■ Exercise instructions
Once the line with "To find your" is found, write it out along with each later line exactly, through the end of the entries, skipping every picture.
▶
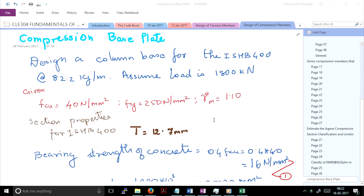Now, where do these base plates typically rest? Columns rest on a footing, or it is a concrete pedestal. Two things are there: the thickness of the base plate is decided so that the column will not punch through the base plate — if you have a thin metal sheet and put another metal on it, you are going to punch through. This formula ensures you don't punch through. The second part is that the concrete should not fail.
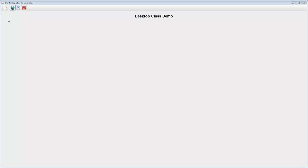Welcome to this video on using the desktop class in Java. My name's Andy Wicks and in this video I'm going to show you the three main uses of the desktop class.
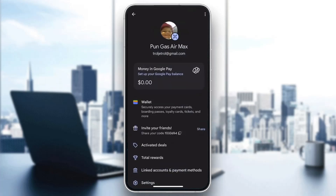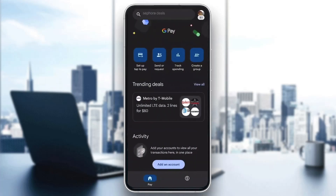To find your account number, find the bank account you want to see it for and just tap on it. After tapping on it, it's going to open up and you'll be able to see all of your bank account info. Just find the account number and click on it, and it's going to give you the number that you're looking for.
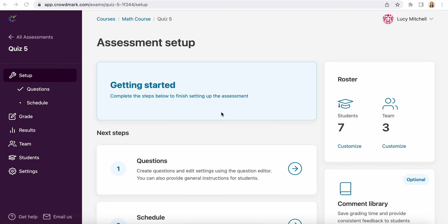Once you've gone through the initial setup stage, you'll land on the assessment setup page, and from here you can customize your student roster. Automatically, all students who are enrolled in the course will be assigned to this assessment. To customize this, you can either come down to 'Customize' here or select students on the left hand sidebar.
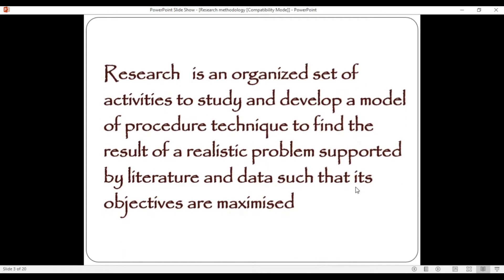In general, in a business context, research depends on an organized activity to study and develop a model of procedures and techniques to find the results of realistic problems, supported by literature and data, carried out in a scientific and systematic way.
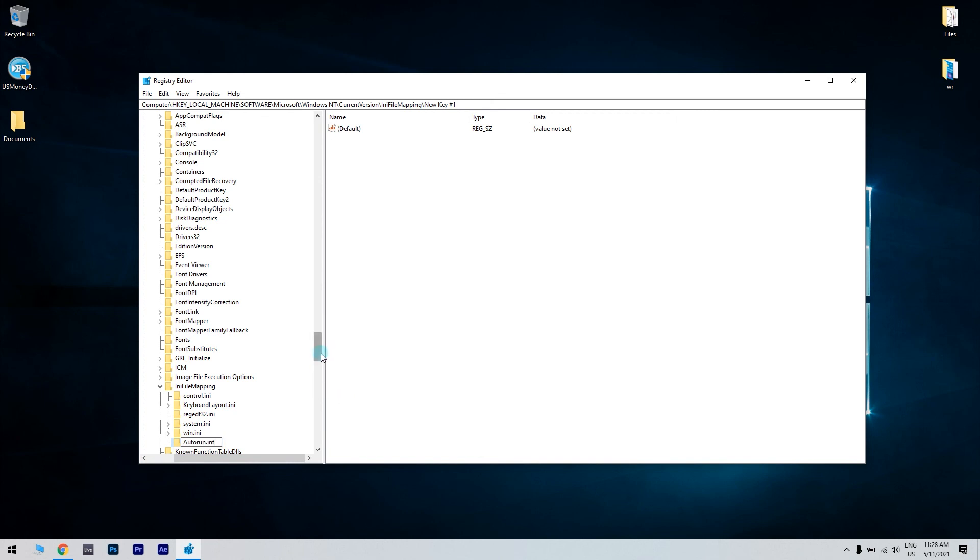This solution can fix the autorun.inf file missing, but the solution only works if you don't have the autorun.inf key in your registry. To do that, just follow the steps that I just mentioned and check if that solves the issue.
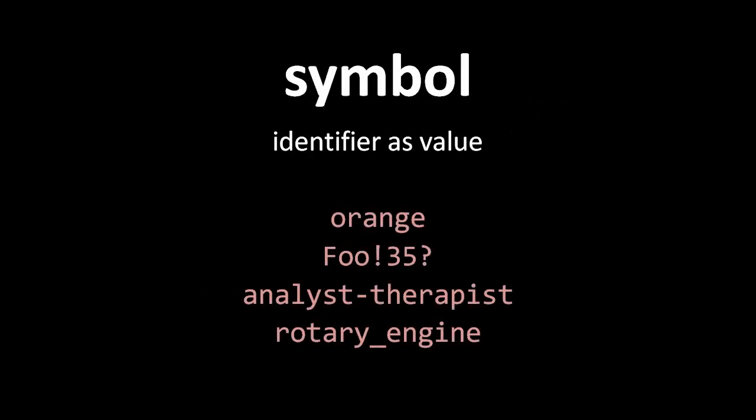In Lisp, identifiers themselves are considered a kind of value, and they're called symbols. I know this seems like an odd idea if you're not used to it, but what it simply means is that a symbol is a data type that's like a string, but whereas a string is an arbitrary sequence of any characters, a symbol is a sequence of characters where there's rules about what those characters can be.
◀
■ Response box
To find your account number, find the bank account you want to see it for and just tap on it. After tapping on it, it's going to open up and you'll be able to see all of your bank account info. Just find the account number and click on it, and it's going to give you the number that you're looking for.
Once you've gone through the initial setup stage, you'll land on the assessment setup page, and from here you can customize your student roster. Automatically, all students who are enrolled in the course will be assigned to this assessment. To customize this, you can either come down to 'Customize' here or select students on the left hand sidebar.
In general, in a business context, research depends on an organized activity to study and develop a model of procedures and techniques to find the results of realistic problems, supported by literature and data, carried out in a scientific and systematic way.
This solution can fix the autorun.inf file missing, but the solution only works if you don't have the autorun.inf key in your registry. To do that, just follow the steps that I just mentioned and check if that solves the issue.
In Lisp, identifiers themselves are considered a kind of value, and they're called symbols. I know this seems like an odd idea if you're not used to it, but what it simply means is that a symbol is a data type that's like a string, but whereas a string is an arbitrary sequence of any characters, a symbol is a sequence of characters where there's rules about what those characters can be.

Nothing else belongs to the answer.